11. Hukuk Dairesi 2012/15904 E. , 2013/376 K.
"İçtihat Metni"MAHKEMESİ :TİCARET MAHKEMESİ
Taraflar arasında görülen davada ... Asliye Ticaret Mahkemesi’nce verilen 18.06.2009 gün ve 2005/389-2009/326 sayılı kararı onayan Daire’nin 03.07.2012 gün ve 2011/1557-2012/11736 sayılı kararı aleyhinde davalı Banka vekili tarafından karar düzeltilmesi isteğinde bulunulmuş ve karar düzeltme dilekçesinin süresi içinde verildiği anlaşılmış olmakla, dosya için düzenlenen rapor dinlenildikten ve yine dosya içerisindeki dilekçe, layihalar, duruşma tutanakları ve tüm belgeler okunup, incelendikten sonra gereği görüşülüp düşünüldü:
Davacı vekili, müvekkilinin davalı Banka"nın ... Şubesi"nde mevduatının bulunduğunu, bu şubenin müdürü olarak görev yapan diğer davalının hesaplardan mevduat sahiplerinin bilgisi olmadan para çektiği haberini alan müvekkilinin davalı Banka"ya müracaat ettiğini, müfettişlerce inceleme yapıldığı söylenerek müvekkilinin bekletildiğini, daha sonra yaklaşık 18.000 TL alacağının bulunduğunun ve ibraname vermesi karşısında bu paranın kendisine ödenebileceğinin müvekkiline bildirildiğini, bu teklifin müvekkilince kabul edilmediğini, teklif edilen meblağın vadesiz hesapta tutulması nedeniyle müvekkilinin yaklaşık 2.000 TL faiz kaybına uğradığını, ayrıca tahsil için davalı Banka"ya ciro ettiği çek bedellerinin tahsil edildiğini ancak müvekkiline ulaştırılmadığını ileri sürerek, şimdilik 40.000 TL"nın olay tarihinden itibaren işleyecek reeskont faizi ile birlikte davalıdan tahsilini talep ve dava etmiş, 04.02.2008 tarihli ıslah dilekçesi ile talebini 73.000 TL"na çıkarmıştır.

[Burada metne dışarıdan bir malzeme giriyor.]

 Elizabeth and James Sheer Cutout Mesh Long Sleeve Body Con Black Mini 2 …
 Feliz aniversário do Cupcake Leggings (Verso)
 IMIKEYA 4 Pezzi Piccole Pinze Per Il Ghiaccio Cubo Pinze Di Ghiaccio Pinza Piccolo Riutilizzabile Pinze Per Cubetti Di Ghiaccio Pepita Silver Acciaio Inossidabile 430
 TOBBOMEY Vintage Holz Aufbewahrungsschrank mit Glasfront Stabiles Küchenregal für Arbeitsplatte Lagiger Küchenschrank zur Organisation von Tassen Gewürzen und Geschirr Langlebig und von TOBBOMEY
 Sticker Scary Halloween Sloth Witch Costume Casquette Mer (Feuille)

Davalı vekili, davacının müvekkili bankadan 17.955,03 TL alacaklı olduğunun müfettişlerce tespit edildiğini, davacının bu miktarın ödenmesini kabul etmediğini, davacının kasa tediye fişleri ile ilgili alacak iddiasının kabul edilemeyeceğini, davacının belirttiği çek müvekkilince takasa sunulmuş ise de ibraz tarihinden önce takastan çekildiğini,daha sonra takasa sunulduğuna dair kayıt bulunmadığını, söz konusu çekin vadesinin ertelendiğini, yeni vade ile müvekkili bankaya teslim edildiğine dair bir kayıt olmadığını, bu durumda işbu çek nedeniyle davacının bir alacağının olamayacağını savunarak, davanın reddini istemiştir.
Diğer davalı, davaya cevap vermemiştir.
Mahkemece, davanın 32.745 TL üzerinden kısmen kabulüne dair verilen karar, davalı Banka vekilinin temyiz istemi üzerine Dairemizce onanmıştır.

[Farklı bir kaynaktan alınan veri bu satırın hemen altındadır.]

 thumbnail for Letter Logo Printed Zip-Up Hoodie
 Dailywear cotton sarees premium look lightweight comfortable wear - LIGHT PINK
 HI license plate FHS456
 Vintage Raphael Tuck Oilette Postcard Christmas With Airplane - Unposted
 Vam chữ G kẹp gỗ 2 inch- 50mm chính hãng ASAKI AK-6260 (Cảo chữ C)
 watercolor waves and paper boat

Bu kez davalı Banka vekili karar düzeltme isteminde bulunmuştur.
Dosyadaki yazılara, mahkeme kararında belirtilip Yargıtay ilamında benimsenen gerektirici sebeplere göre, davalı Banka vekilinin HUMK’nun 440. maddesinde sayılan hallerden hiçbirisini ihtiva etmeyen karar düzeltme isteğinin reddi gerekir.
SONUÇ: Yukarıda açıklanan nedenlerden dolayı, davalı Banka vekilinin karar düzeltme isteğinin HUMK’nun 442. maddesi gereğince REDDİNE, alınmadığı anlaşılan 50,45 TL karar düzeltme harcının ve 3506 sayılı Yasa ile değiştirilen HUMK"nun 442/3. maddesi hükmü uyarınca, takdiren 219,00 TL para cezasının karar düzeltilmesini isteyenden alınarak Hazine’ye gelir kaydedilmesine, 10.01.2013 tarihinde oybirliğiyle karar verildi.